PROBLEM DESCRIPTION
Would you repeat exactly the part of the listing below that runs from the line containing "Set de uñas Adhesivas Infantiles" down to the line containing "Spike Quote From BTVS Pangs RGB Neon Sign", inclusive, and nothing else?
------------------------------------------------
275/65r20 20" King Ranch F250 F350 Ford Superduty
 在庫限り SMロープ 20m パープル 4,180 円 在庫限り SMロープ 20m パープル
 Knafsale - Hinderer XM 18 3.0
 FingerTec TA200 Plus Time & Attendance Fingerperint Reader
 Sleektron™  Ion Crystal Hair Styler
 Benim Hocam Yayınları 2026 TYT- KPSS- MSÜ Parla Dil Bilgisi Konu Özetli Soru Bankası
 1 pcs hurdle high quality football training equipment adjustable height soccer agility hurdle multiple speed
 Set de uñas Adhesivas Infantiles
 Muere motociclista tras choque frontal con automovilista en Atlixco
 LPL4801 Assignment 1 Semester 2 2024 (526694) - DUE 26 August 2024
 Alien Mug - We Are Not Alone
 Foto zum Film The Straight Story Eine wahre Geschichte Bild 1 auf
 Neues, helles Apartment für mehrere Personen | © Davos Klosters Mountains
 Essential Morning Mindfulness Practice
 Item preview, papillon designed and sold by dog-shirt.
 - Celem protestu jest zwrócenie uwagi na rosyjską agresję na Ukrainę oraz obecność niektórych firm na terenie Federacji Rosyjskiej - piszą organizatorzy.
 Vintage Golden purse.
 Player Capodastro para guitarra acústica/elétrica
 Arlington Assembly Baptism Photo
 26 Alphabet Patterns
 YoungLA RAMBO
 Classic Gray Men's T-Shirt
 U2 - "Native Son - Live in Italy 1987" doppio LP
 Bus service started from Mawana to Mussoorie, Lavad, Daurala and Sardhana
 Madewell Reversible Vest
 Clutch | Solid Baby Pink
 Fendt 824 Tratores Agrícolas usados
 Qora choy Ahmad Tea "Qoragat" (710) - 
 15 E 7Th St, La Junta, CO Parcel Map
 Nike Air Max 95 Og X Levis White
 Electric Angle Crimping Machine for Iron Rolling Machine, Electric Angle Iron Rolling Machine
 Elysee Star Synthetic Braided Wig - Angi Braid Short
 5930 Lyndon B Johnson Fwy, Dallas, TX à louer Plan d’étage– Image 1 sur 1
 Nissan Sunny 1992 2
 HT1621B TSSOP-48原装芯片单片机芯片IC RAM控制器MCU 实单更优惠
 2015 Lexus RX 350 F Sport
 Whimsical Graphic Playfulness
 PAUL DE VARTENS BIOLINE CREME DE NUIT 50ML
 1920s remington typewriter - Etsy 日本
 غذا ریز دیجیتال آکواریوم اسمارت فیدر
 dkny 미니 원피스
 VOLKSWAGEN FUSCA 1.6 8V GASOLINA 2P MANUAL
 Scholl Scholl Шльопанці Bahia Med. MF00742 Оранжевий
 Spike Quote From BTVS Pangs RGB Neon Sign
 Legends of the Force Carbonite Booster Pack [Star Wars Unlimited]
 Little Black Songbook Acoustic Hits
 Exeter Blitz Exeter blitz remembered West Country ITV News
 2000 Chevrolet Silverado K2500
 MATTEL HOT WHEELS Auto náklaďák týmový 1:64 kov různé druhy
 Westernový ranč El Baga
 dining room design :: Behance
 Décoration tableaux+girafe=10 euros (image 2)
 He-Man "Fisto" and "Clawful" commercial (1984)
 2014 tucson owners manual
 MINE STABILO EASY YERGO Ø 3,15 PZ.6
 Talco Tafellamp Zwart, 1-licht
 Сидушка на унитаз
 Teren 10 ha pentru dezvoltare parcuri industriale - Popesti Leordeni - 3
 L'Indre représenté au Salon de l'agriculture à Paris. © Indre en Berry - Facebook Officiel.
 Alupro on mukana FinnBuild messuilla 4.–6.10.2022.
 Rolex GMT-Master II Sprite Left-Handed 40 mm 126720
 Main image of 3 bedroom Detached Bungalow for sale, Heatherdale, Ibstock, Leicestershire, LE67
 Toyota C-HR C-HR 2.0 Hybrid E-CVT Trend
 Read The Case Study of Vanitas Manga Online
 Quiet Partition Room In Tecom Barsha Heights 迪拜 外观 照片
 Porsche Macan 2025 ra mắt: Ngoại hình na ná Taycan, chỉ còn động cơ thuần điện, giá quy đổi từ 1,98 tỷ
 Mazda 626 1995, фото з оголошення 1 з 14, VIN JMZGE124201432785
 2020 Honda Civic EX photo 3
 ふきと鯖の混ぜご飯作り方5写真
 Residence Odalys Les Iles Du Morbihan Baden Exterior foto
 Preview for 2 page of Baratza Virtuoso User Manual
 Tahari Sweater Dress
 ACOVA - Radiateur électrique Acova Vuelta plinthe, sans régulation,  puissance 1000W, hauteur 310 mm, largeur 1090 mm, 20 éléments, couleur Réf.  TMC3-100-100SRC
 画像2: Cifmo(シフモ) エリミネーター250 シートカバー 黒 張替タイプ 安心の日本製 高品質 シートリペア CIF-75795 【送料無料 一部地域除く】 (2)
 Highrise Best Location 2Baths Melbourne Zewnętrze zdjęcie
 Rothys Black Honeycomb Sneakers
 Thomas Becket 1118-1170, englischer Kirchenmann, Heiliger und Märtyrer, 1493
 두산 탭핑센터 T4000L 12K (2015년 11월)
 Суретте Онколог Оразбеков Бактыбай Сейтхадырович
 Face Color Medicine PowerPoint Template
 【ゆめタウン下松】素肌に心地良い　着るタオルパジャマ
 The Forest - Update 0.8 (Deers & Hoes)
------------------------------------------------
COMPLETED TASK
 Set de uñas Adhesivas Infantiles
 Muere motociclista tras choque frontal con automovilista en Atlixco
 LPL4801 Assignment 1 Semester 2 2024 (526694) - DUE 26 August 2024
 Alien Mug - We Are Not Alone
 Foto zum Film The Straight Story Eine wahre Geschichte Bild 1 auf
 Neues, helles Apartment für mehrere Personen | © Davos Klosters Mountains
 Essential Morning Mindfulness Practice
 Item preview, papillon designed and sold by dog-shirt.
 - Celem protestu jest zwrócenie uwagi na rosyjską agresję na Ukrainę oraz obecność niektórych firm na terenie Federacji Rosyjskiej - piszą organizatorzy.
 Vintage Golden purse.
 Player Capodastro para guitarra acústica/elétrica
 Arlington Assembly Baptism Photo
 26 Alphabet Patterns
 YoungLA RAMBO
 Classic Gray Men's T-Shirt
 U2 - "Native Son - Live in Italy 1987" doppio LP
 Bus service started from Mawana to Mussoorie, Lavad, Daurala and Sardhana
 Madewell Reversible Vest
 Clutch | Solid Baby Pink
 Fendt 824 Tratores Agrícolas usados
 Qora choy Ahmad Tea "Qoragat" (710) - 
 15 E 7Th St, La Junta, CO Parcel Map
 Nike Air Max 95 Og X Levis White
 Electric Angle Crimping Machine for Iron Rolling Machine, Electric Angle Iron Rolling Machine
 Elysee Star Synthetic Braided Wig - Angi Braid Short
 5930 Lyndon B Johnson Fwy, Dallas, TX à louer Plan d’étage– Image 1 sur 1
 Nissan Sunny 1992 2
 HT1621B TSSOP-48原装芯片单片机芯片IC RAM控制器MCU 实单更优惠
 2015 Lexus RX 350 F Sport
 Whimsical Graphic Playfulness
 PAUL DE VARTENS BIOLINE CREME DE NUIT 50ML
 1920s remington typewriter - Etsy 日本
 غذا ریز دیجیتال آکواریوم اسمارت فیدر
 dkny 미니 원피스
 VOLKSWAGEN FUSCA 1.6 8V GASOLINA 2P MANUAL
 Scholl Scholl Шльопанці Bahia Med. MF00742 Оранжевий
 Spike Quote From BTVS Pangs RGB Neon Sign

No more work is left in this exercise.